As Ken Mathieson observes, Parker was doing almost no really new thing, he was
doing things which had been done before, but concentrating on some things to
the exclusion of others, for musical reasons of his own. With Jazz as with
every art there is at one extreme the risk of narrowness, and the other the
danger of falling back into a lot of mutually neutralising qualities. Which is
something Oscar Peterson could at times slip into. I always found Parker a bit
restricted in his emotional range, circumscribed by the rhythmic conception
which led Panassie to declare his music not jazz. Ken's suggestion that Parker
might have been inspired by the virtuosity of some New Orleans style
clarinetists certainly has something to it.

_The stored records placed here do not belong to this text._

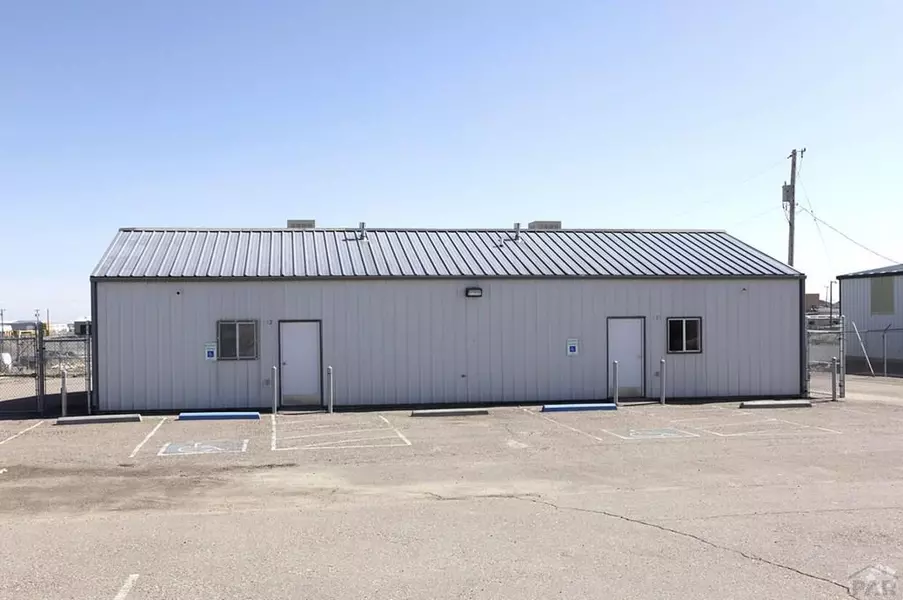 42 Fabrication Dr, Pueblo West, CO 81007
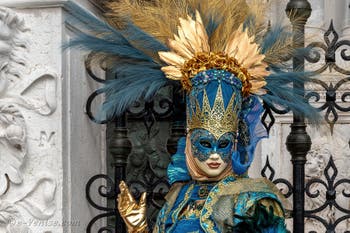 Les costumés du carnaval de Venise devant l'Arsenal de Venise.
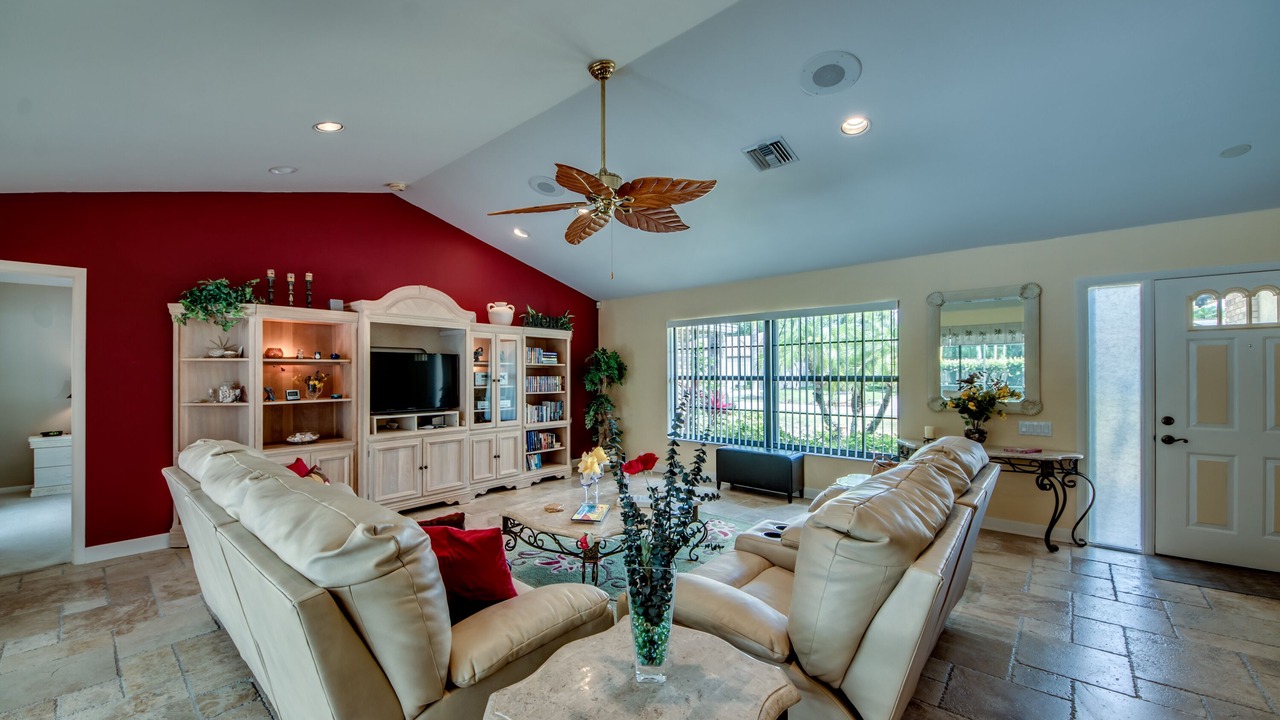 Photo of Livingroom in Bonita Shores
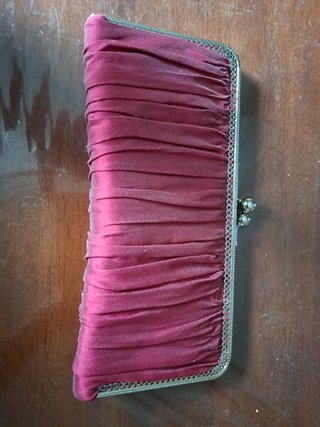 Bolso de mano vino con cadena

If you want to talk about Parker and older musicians less remote from the
interests this site exercises, there's on the one side Rudy Williams, who did
amazing things with A; Cooper's Savoy Sultans but later had his timing mucked
up by attempts at emulation, and there's Earle Warren, who integrated his
lessons from Parker into an overall conception at home in Dixieland and a wider
range of contexts. Like some wonderful clarinet on a Henry Allen LP, a quartet
gig with Laurie Chescoe on BBC radio. A successor of Trumbauer?
Of course the really amusing thing about Bruce Turner's appearance on alto in
Humph's 1950s band being greeted with GO HOME, DIRTY BOPPER is that Bruce not
only disliked Parker's music but spelled out what he regarded as its
deficiencies.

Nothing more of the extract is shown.